Abstract

This thesis is situated at the crossroads between philosophy, political theory, and art. It proceeds from an enquiry into various philosophical discourses on ‘the real’ – in particular the Lacanian conceptualization of the real as impossible and the Guattari-Deleuze formulation of the real as artificial. It examines what these discourses engender in political theory and in the fields of art and activism. It looks at their investment in constructing ‘a people’ and seeks to understand this as an enterprise that involves images and their configuration. From this angle, the project is interested in exploring the discussion on ‘democracy and art’ and engages in advocating a shift in current positions on their relation. After critiquing Chantal Mouffe’s agonistic pluralism, it is suggested that provoking such a shift might be achieved by outlining a model similar to the way that Mouffe develops a model or ‘democratic design’. Mouffe’s model is structured on Lacan’s ‘impossible real’. Accordingly, this dissertation points towards a design for pluralism based on ‘a real’ grounded in Wilfrid Sellars’ conceptualization of a stereoscopic fusion between what he termed the manifest and scientific images of man-in-the-world. The project suggests that images can be sites in which such models or ‘designs’ are put into conceptual shape.

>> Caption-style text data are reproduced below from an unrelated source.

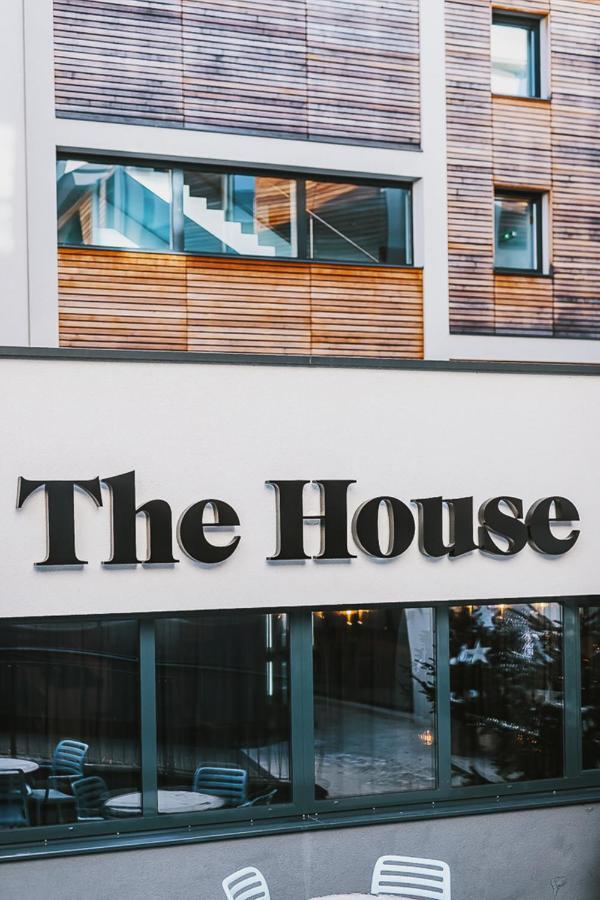 The House Τσελ αμ Ζέε Εξωτερικό φωτογραφία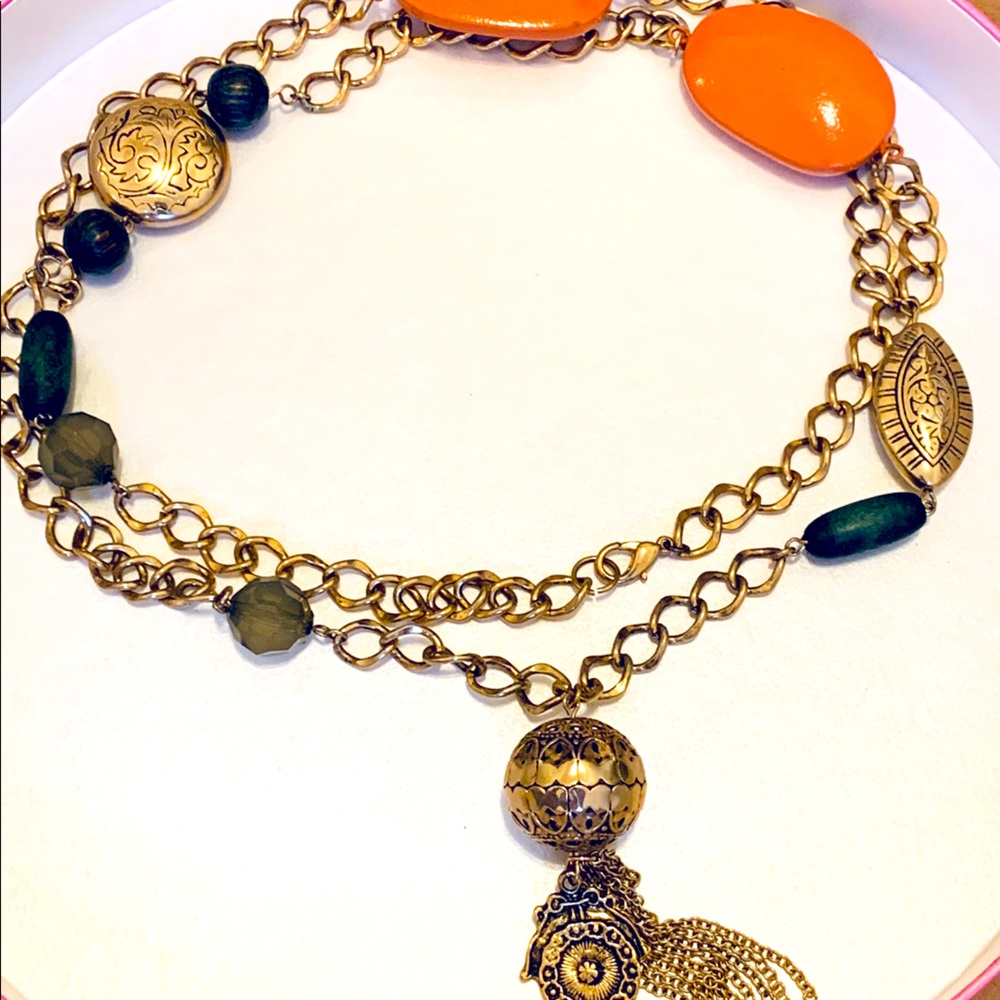 BEBE Fashion Necklace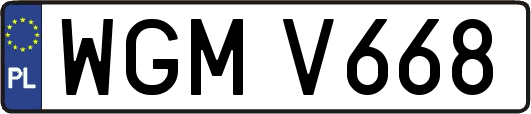 WGMV668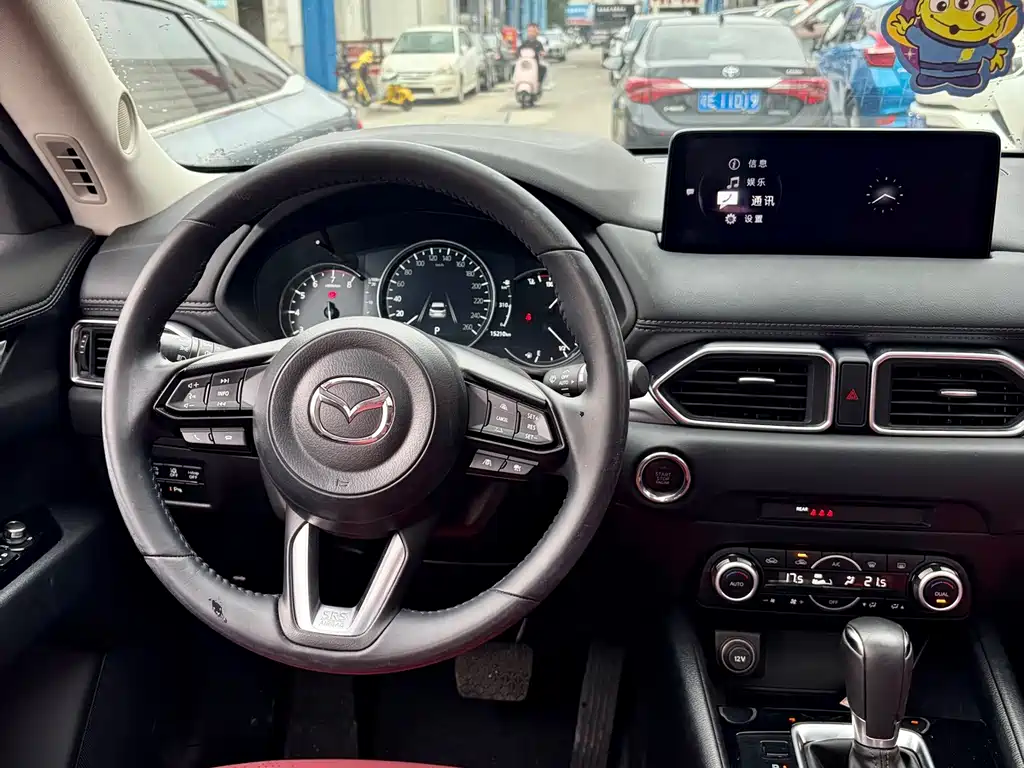 Mazda CX-5 — миниатюра 10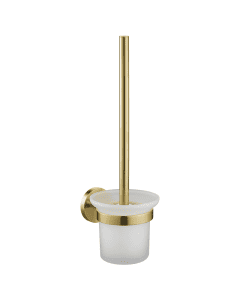 Coco Toilet Brush Brushed Brass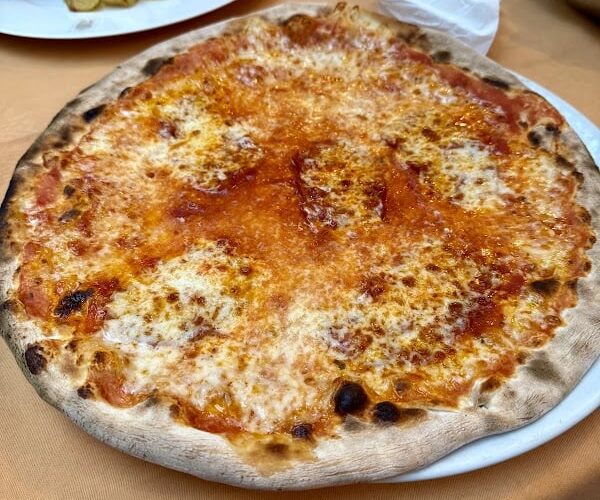 Restaurant Ristorante Galleria à Milan, Italie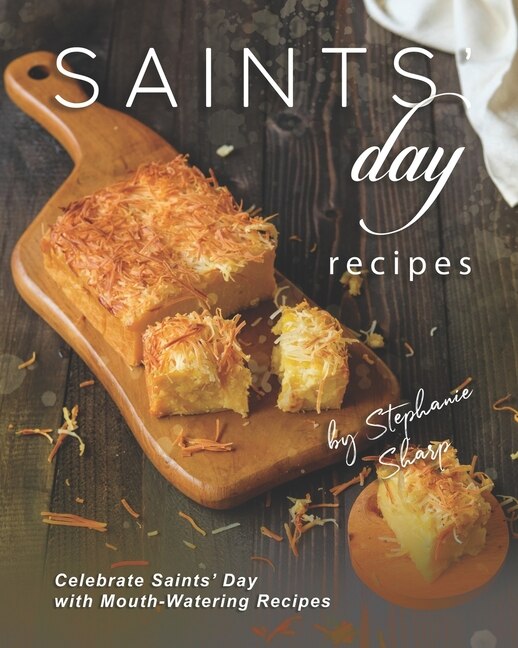 Couverture_Saints' Day Recipes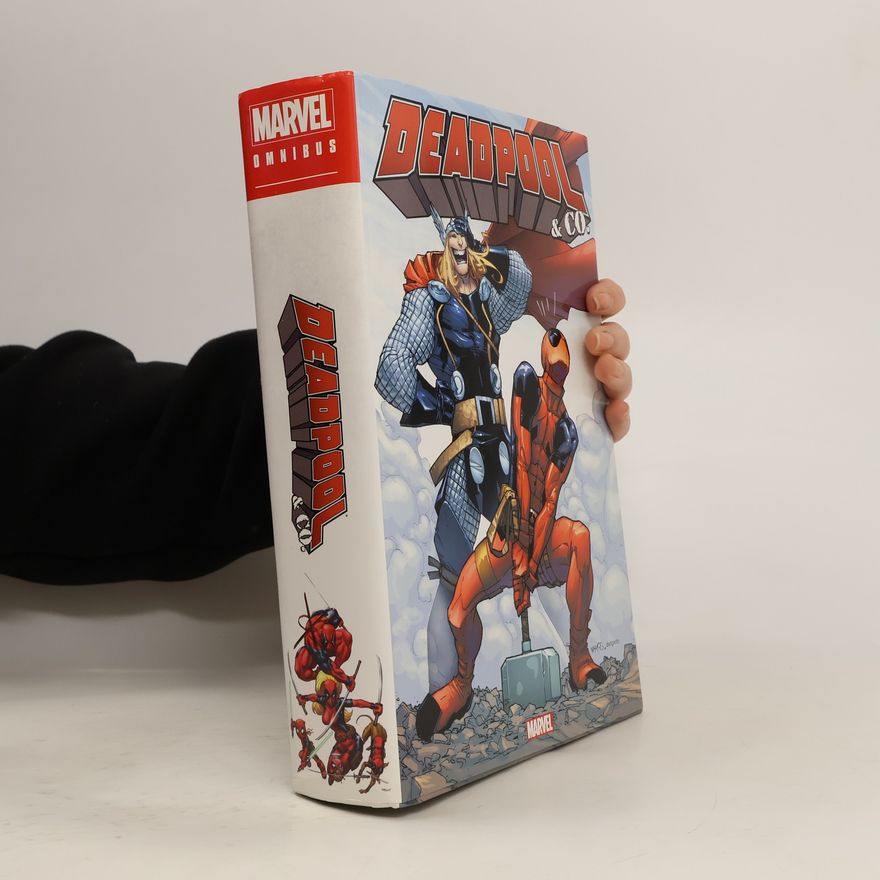 Victor Gischler Deadpool & Co. Omnibus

Sellars’ characterization of science as being rational, not because it has foundation, but rather because it is a self-correcting venture that can put any claim into jeopardy, is drawn on as the basis for the ‘construction of a people’ established on the Sellarsian real. Furthermore, the project engages with the work of a number of post-Sellarsian thinkers to lay the grounds for an argument for ‘reasoning’ as a distinct position that can be taken up in the context of the structural reality of democracy and its relation to art. The term post-agonistics (or postagonistics) indicates this shift to reasoning and how it might contribute to the expanded field of art.